◆ **Problem requirements**
Using the material below, repeat exactly the lines from the one with "Loulou De Saison" through the one with "Sac Cadeau Moyen Love plaid (Devant Angle)", ends included, without any images.

◆ **Extracted records**
◇ ◇ ◇

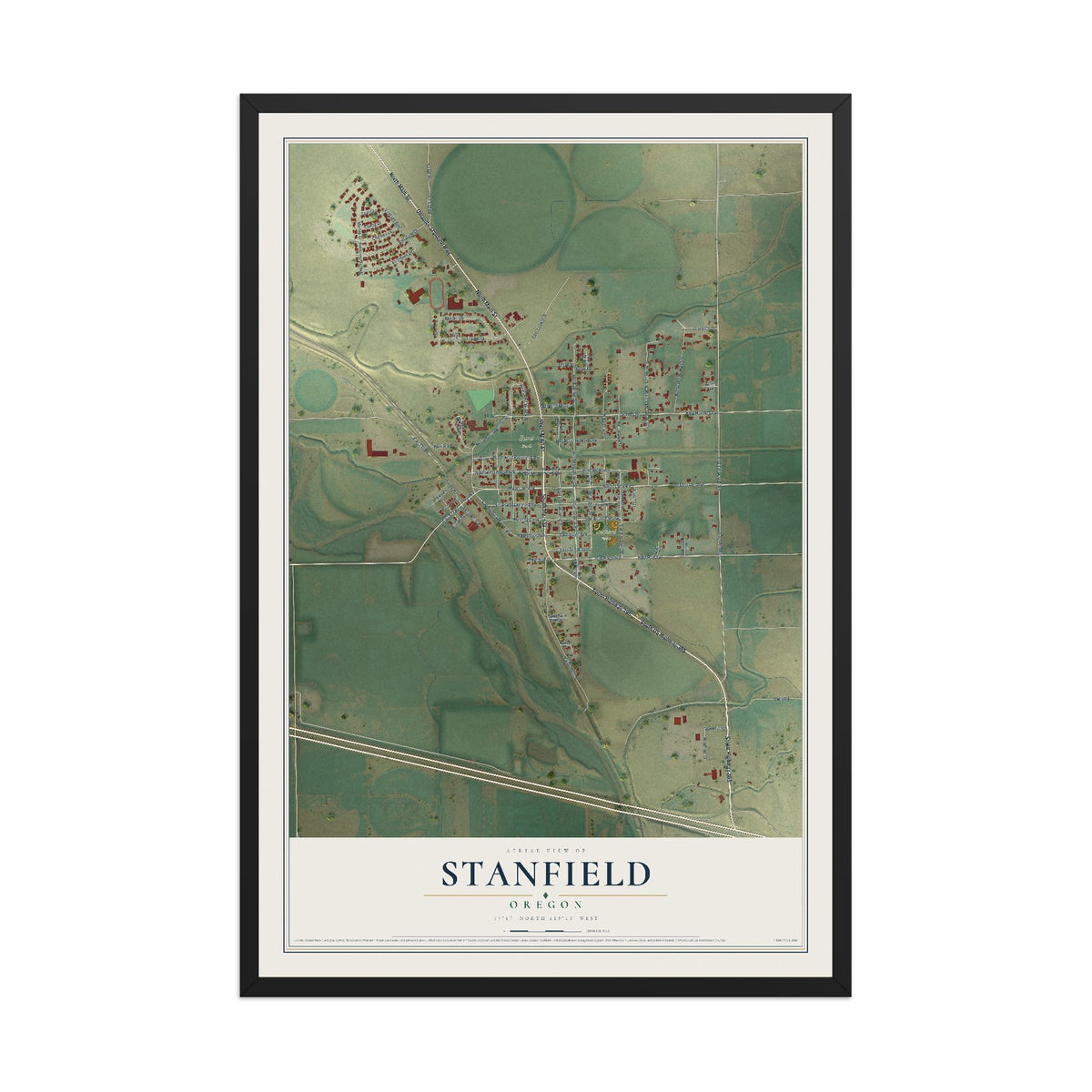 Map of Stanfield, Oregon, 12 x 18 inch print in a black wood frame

◇ ◇ ◇

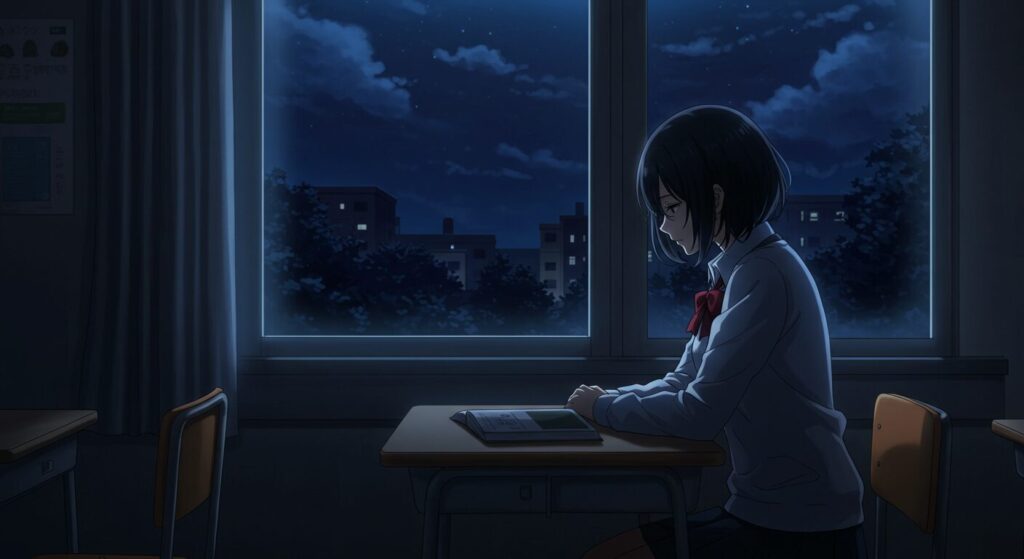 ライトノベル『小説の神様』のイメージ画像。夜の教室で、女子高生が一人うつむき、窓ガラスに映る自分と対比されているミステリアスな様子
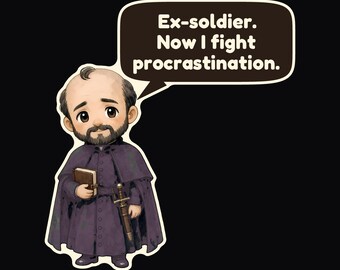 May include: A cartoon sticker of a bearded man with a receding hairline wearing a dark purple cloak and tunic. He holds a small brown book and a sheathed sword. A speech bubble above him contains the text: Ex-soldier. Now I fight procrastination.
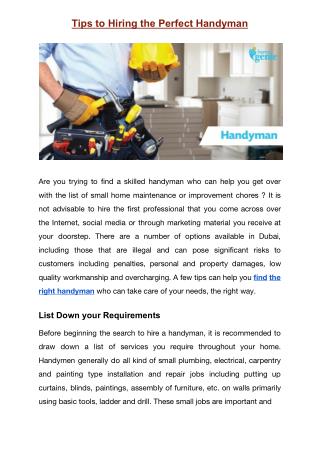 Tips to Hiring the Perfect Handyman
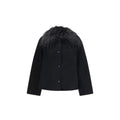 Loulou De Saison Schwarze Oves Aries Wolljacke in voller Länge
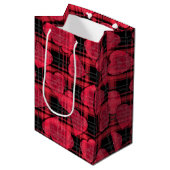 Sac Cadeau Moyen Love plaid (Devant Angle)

◇ ◇ ◇

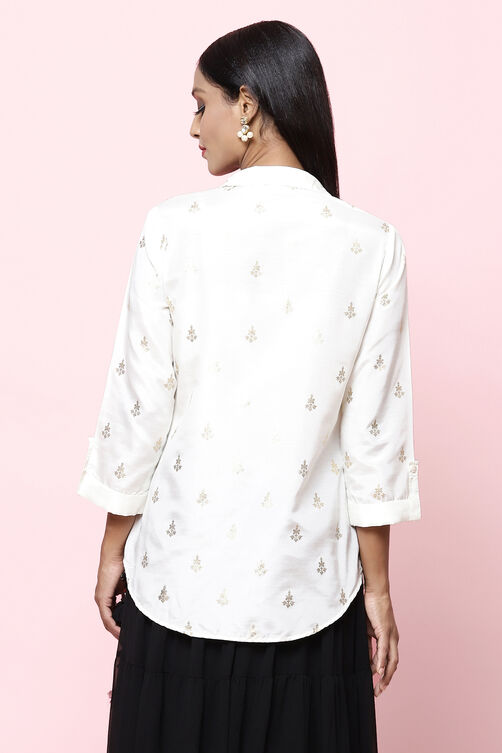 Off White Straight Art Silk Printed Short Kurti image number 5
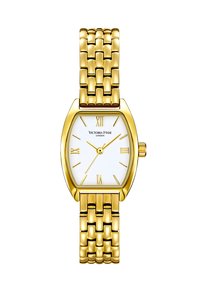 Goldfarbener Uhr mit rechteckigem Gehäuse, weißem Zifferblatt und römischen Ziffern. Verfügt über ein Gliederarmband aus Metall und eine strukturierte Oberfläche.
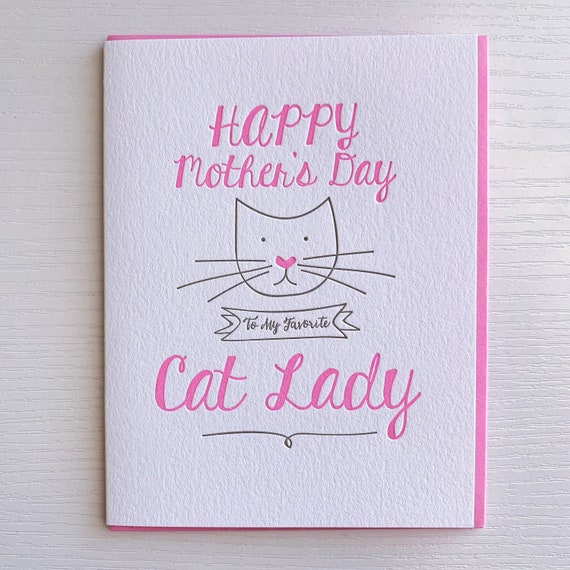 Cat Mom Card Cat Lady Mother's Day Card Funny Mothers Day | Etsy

◇ ◇ ◇

◆ **Written response**
 Loulou De Saison Schwarze Oves Aries Wolljacke in voller Länge
 Sac Cadeau Moyen Love plaid (Devant Angle)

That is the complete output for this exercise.